_MATERIALS PROVIDED_:
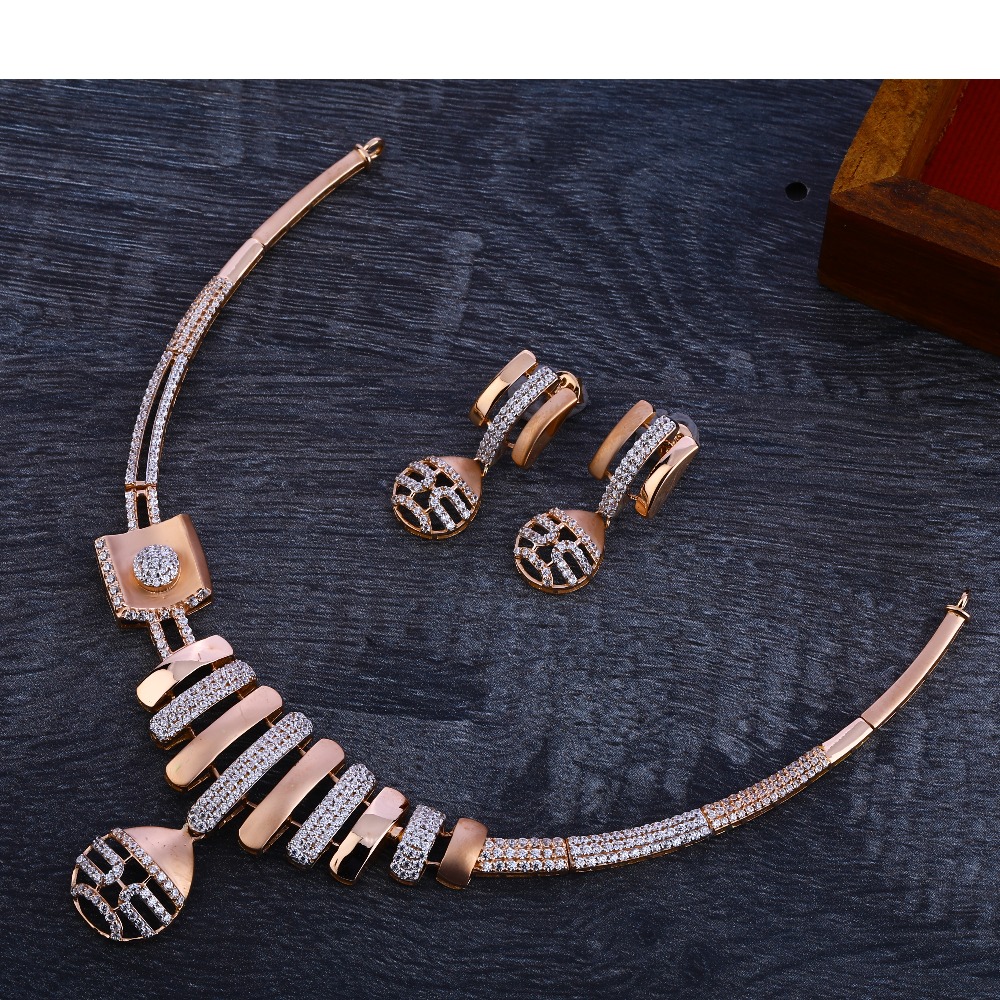 18KT Rose Gold  Cz Classic  Women's Necklace Set RN194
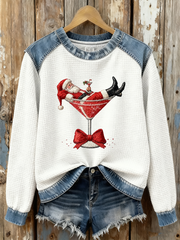 Women's Santa Claus sitting on a wine glass Print waffle Sweatshirt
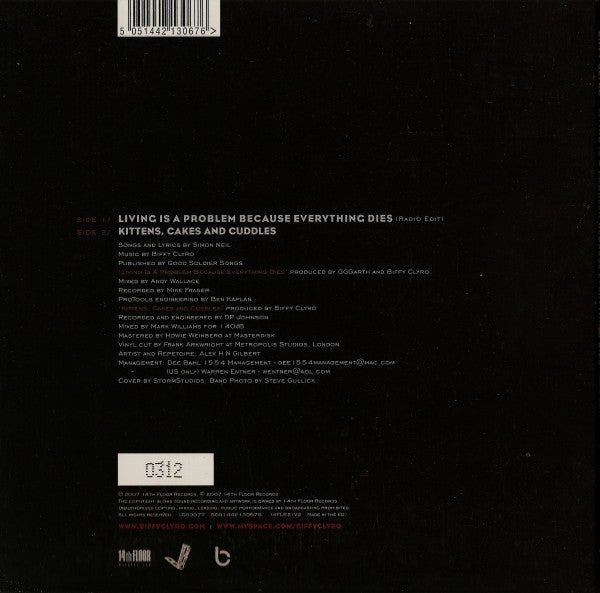 USED: Biffy Clyro - Living Is A Problem Because Everything Dies (7", Single, Ltd, Num, Red) - Used - Used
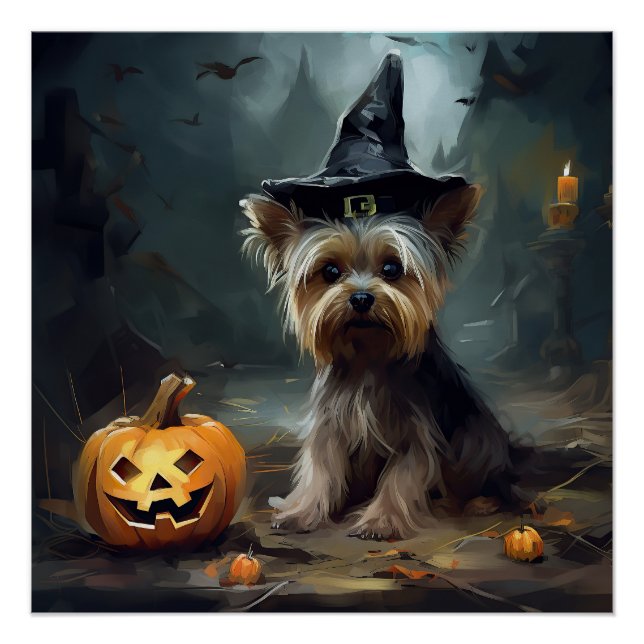 Yorkshire Terrier Pumpkins Halloween Beängstigend Poster (Vorderseite)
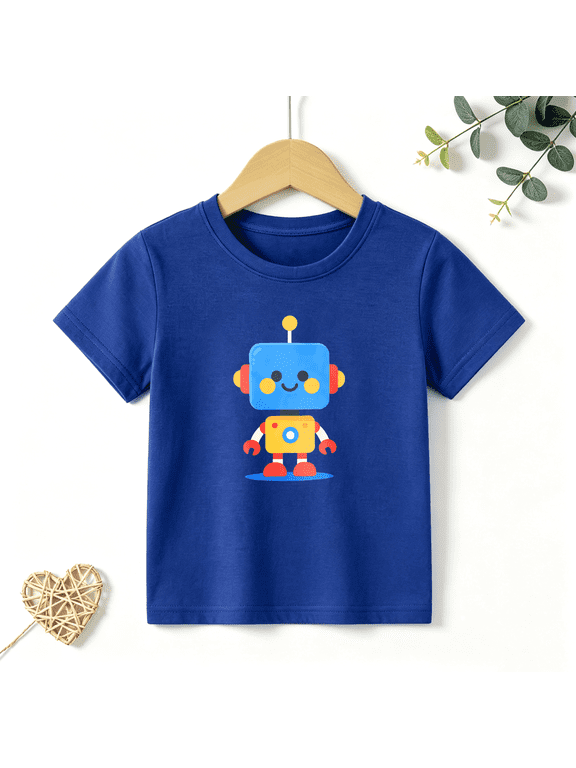 Boys Graphic T Shirt Cute Robot Character Short Sleeve Kids Tee Technology Style 100% Cotton Soft Child Tops 4-13Y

_YOUR OBJECTIVE_: The copy must match the listing above exactly, except that it holds no pictures.

_WRITTEN RESPONSE_:
 18KT Rose Gold  Cz Classic  Women's Necklace Set RN194
 Women's Santa Claus sitting on a wine glass Print waffle Sweatshirt
 USED: Biffy Clyro - Living Is A Problem Because Everything Dies (7", Single, Ltd, Num, Red) - Used - Used
 Yorkshire Terrier Pumpkins Halloween Beängstigend Poster (Vorderseite)
 Boys Graphic T Shirt Cute Robot Character Short Sleeve Kids Tee Technology Style 100% Cotton Soft Child Tops 4-13Y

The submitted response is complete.